Under contract to the Washington State Department of Transportation (WSDOT), Battelle, Pacific Northwest Division, conducted a re-analysis of dynamic pile driving and impulsive underwater sound data acquired at WSDOT construction projects (Hood Canal Bridge and Friday Harbor Ferry Terminal) to better understand the mechanisms of impulsive sound generation by pile driving in support of efforts to determine the effects of impulsive sound on fish health and behavior. Analysis focused on derivation of statistics from impulsive sound and dynamic pile driving data sets that permitted evaluation of the amount of variability in impulsive sound metrics that might be driven by variability in pile driving mechanics metrics.
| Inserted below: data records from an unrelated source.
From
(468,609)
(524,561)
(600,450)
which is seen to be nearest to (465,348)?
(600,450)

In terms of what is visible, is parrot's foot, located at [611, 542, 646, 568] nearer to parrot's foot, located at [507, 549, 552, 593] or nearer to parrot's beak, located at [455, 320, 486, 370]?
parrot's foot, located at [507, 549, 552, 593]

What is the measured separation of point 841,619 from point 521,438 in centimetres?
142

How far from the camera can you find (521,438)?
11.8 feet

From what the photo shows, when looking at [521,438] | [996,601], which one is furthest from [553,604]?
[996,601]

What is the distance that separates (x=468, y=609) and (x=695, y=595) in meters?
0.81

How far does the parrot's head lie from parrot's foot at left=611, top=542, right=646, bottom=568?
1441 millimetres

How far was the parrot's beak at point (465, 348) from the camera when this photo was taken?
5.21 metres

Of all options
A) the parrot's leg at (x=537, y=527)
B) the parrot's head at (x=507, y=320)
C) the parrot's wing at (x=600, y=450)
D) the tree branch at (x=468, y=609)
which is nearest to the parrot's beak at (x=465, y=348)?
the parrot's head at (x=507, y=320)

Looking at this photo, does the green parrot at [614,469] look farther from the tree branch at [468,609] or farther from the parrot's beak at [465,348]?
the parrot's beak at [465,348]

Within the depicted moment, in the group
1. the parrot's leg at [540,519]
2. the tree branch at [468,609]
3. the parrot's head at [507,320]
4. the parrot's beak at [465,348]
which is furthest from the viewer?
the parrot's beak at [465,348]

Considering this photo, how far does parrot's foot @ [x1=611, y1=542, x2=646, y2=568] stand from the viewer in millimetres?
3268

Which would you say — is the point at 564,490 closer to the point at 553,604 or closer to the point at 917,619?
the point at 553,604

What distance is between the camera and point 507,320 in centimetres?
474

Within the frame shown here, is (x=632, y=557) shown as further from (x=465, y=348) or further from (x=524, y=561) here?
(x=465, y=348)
The energy required to drive a pile at various depths and substrates and an index of the sound energy produced during the pile drives were also compared. These comparisons yielded the conclusion that most of the variability in impulsive sound during driving of a pile can be accounted for by changes the impact hammer operator makes to overcome resistance to increases in pile depth. Thus, it is the operation of an impact hammer in response to changes in substrate, not the substrate itself, that is responsible for changes in impulsive energy metrics during driving of a pile. A recommendation of the study is that any future data acquisition and analysis efforts to improve understanding of linkages between pile driving mechanics and impulsive sound or underwater sound monitoring activities in support of construction activities include hammer stroke data as a basic element of underwater sound data sets.
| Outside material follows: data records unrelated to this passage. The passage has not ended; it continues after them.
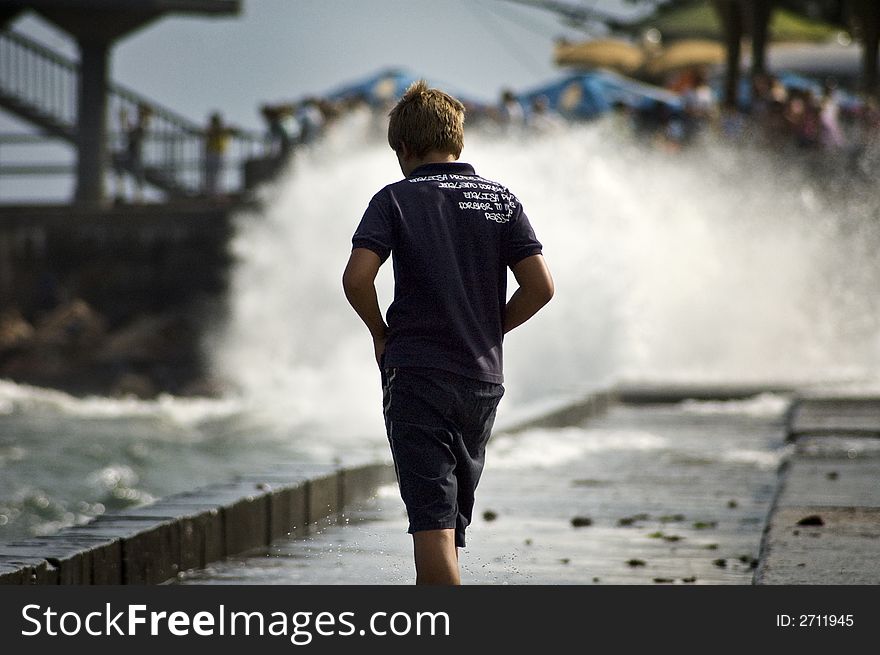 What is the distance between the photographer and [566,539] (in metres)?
7.02

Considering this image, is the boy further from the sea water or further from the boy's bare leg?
A: the sea water

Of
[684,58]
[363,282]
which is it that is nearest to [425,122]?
[363,282]

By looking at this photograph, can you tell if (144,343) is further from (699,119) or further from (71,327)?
(699,119)

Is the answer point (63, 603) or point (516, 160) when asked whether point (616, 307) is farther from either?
point (63, 603)

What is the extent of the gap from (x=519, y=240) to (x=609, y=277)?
62.0 ft

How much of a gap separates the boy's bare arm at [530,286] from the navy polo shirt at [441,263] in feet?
0.27

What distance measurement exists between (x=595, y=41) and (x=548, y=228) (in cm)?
1277

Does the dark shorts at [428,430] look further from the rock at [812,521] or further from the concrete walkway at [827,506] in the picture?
the rock at [812,521]

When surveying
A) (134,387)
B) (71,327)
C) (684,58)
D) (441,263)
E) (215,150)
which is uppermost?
(684,58)

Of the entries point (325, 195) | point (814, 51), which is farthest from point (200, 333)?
point (814, 51)

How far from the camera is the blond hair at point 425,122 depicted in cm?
429

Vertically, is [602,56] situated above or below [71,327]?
above

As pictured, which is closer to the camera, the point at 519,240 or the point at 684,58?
the point at 519,240

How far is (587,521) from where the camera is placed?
24.5 feet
As an element of comparison of data sets to assess the relationship in variability between impulsive sound and pile driving mechanics, the importance of wetted pile length was evaluated. It appears, based on the data sets analyzed for this study, that the wetted length of the pile is not related to impulsive sound metrics such as peak pressure. The lack of relationship between impulsive sound metrics and wetted pile length probably results from the way sound is produced by the pile when it is deformed by a hammer impact. As a consequence, when evaluating the potential for sound generation during project planning it should be assumed that a pile with minimum wetting length may produce impulsive sound levels of the same magnitude as piles with significantly greater wetted length. Environmental factors not evaluated in this study will determine how the generated impulsive sounds propagate.
Analysis of the cumulative energy required to drive a pile and an index of the cumulative sound energy produced during driving of a pile revealed a relationship between the diameter of a steel shell pile and the amount of energy transferred to the pile at impact to obtain an incremental increase in pile depth and the amount of sound energy produced per incremental increase in pile depth. It appears, logically so, that the energy required to drive a pile an increment in depth and the sound produced during that process are directly related to pile diameter. This being the case, we recommend that sound mitigation measure development, such as bubble curtains, focus on piles 30 inches or larger in diameter. It is unlikely that sound mitigation measures that would result in reduction of energy transfer to a pile, which will be necessary to reduce sound production, will be acceptable economically for larger piles because of the rapid increase in energy per foot of drive with pile diameter.